I recently did a bunch of reengineering of my tools, notably adding a caching layer so you’re spending less time waiting for GitHub to respond with a list of all the repos. I merged together a bunch of separate repos that I had for each tool, and the result is here:
Please play with it and let me know what you think.
- github_clone_all: make a local clone of all repositories matching a given prefix
- github_rate_limit: print your GitHub API rate limits
- github_private_all: make every repo matching a given prefix private (i.e., fix it if you accidentally made them public in GitHub Classroom)
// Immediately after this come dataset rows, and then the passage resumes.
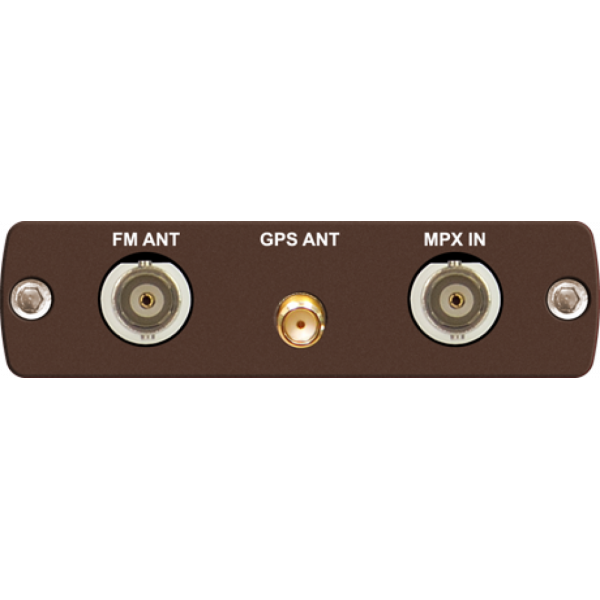 DEVA Broadcast Band Scanner 2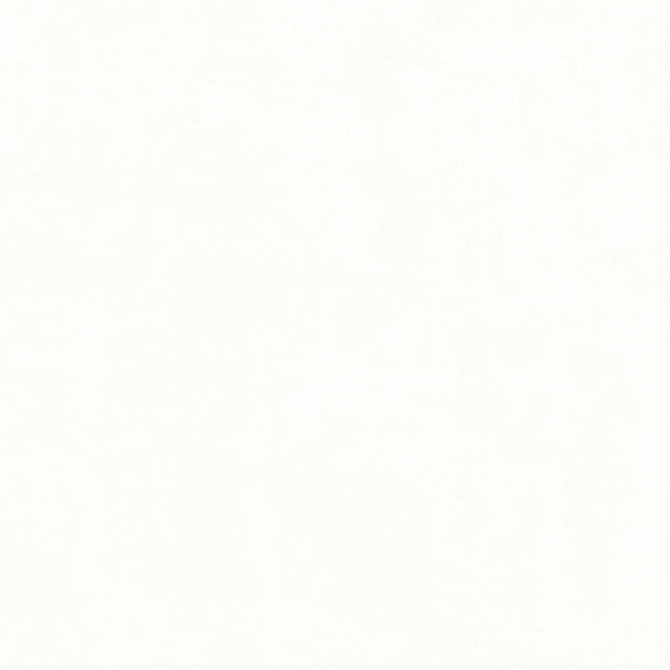 Thibaut Fabric Celeste Velvet Ivory W8964 Fabric 30% Cot, 30% Visc, 24% Poly, 16% Lin ITALY 55000 </p><p>Repeat: V: 0 54 - My Fabric Connection -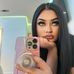 Mari Hendrix - Facebook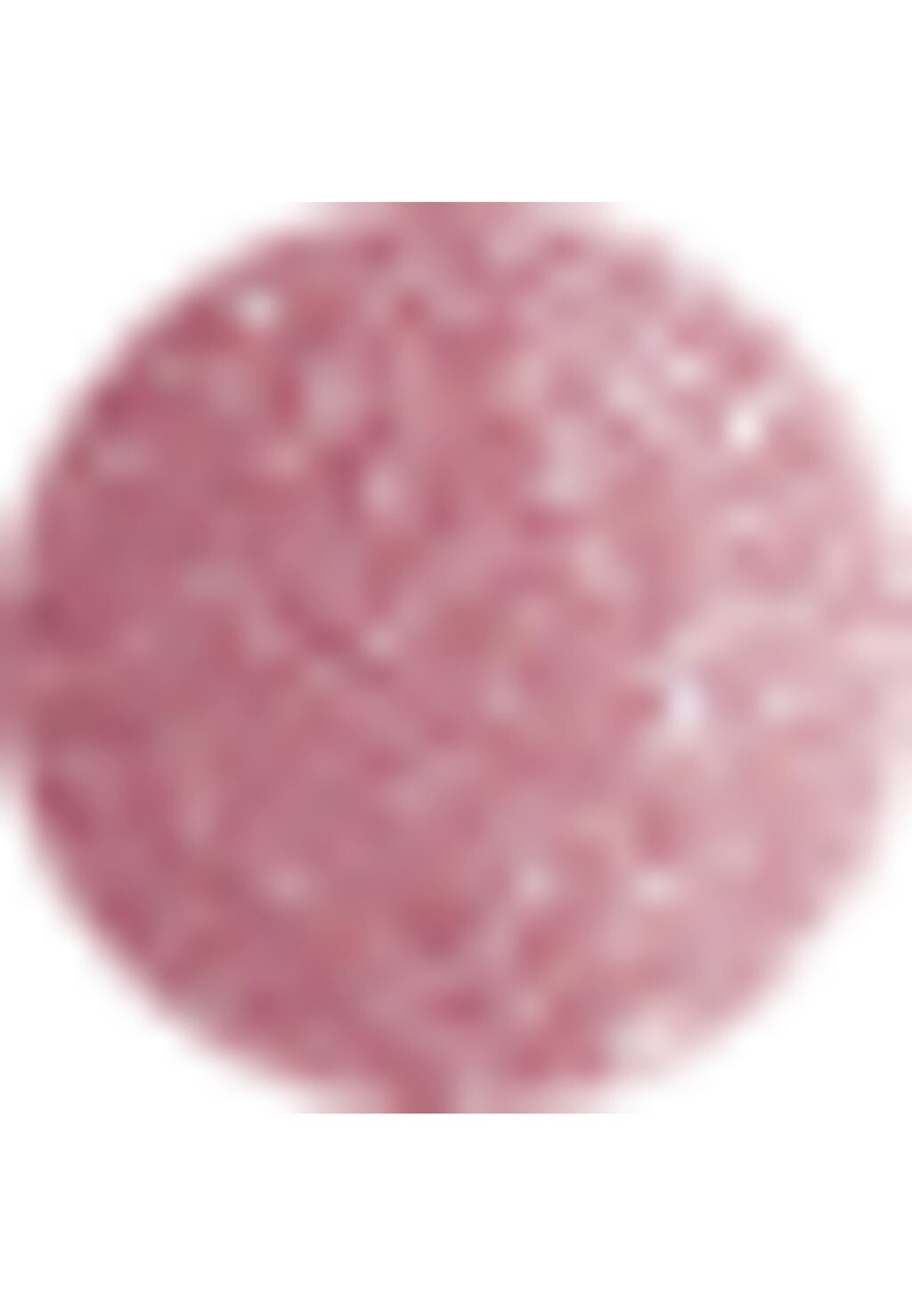 

Блеск для губ L'Absolu Gloss Sheer LANCÔME, на губах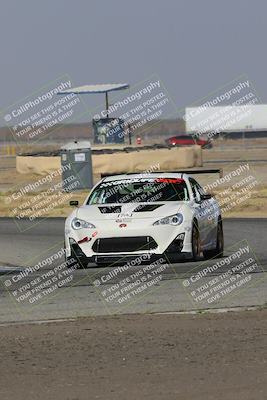 media/Nov-04-2023-CalClub SCCA (Sat) [[cb7353a443]]/Group 4/Sweeper (Qual)/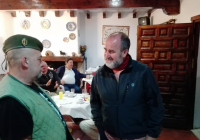ENCUENTRO-MIRAFLORES-DE-LA-SIERRA-2016-9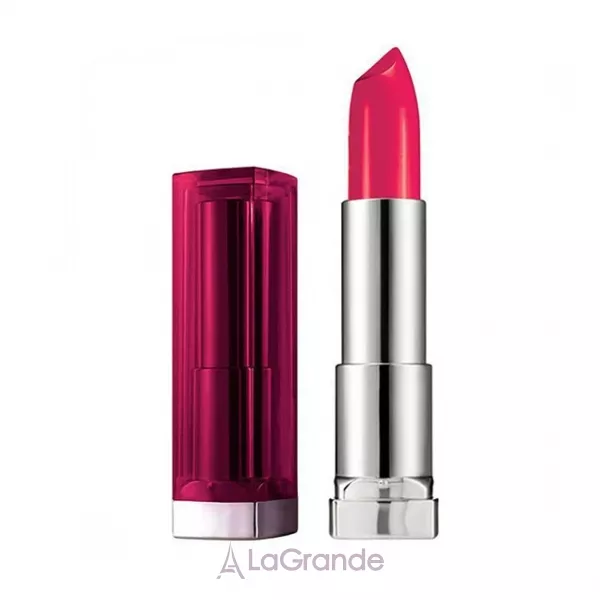 Maybelline Color Sensational ������ ��� ���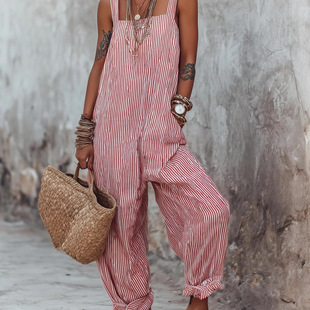 2026�ļ��¿�W���L�l�y�����B�wѝŮ���ɶȼ����e���ѝ�羳Ů�b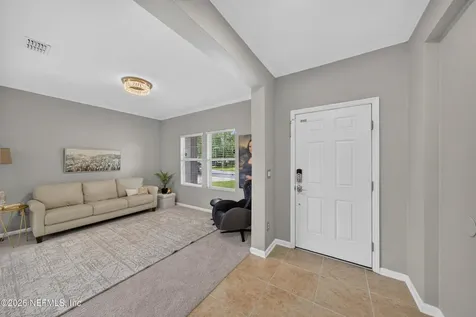 16301 Dowing Creek Drive Jacksonville FL 32218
- github_graders: assign student repos randomly to graders
github_event_times: print the
pushtimestamps for each commit in a student repository
Performance details, because it’s fun: I was commonly hitting my head against the GitHub API rate limits, which say you can only consume 5000-ish units of work in an hour or thereabouts, where a given query seems to burn more than one of these unitless work units. Also, you can sit there for a minute or more while the tool is enumerating all of the student repositories, because GitHub’s APIs will only give you 100 answers at a time, requiring you to “page” through those answers.
There are several “search” APIs that promise to do this significantly faster, but I stumbled into an ugly bug, where they seem to return a subset of the correct answers. GitHub hasn’t fixed this yet, but a helpful engineer there told me about using
HEAD requests and checking the
ETag. The idea is that you can cache the results and then use this
ETag thing as a way of indicating whether your cache is still valid. I hacked that together yesterday and it seems to be working.
For my class of 50 students that just wrapped up, the cache file is 2.9MB of JSON data. For my class last fall, with 180 students, with a separate repo per student per week, the cache file is a more impressive 20MB of JSON data and takes three minutes to create. Thereafter, it’s just one of those
HEAD requests to validate it and then everything runs fast.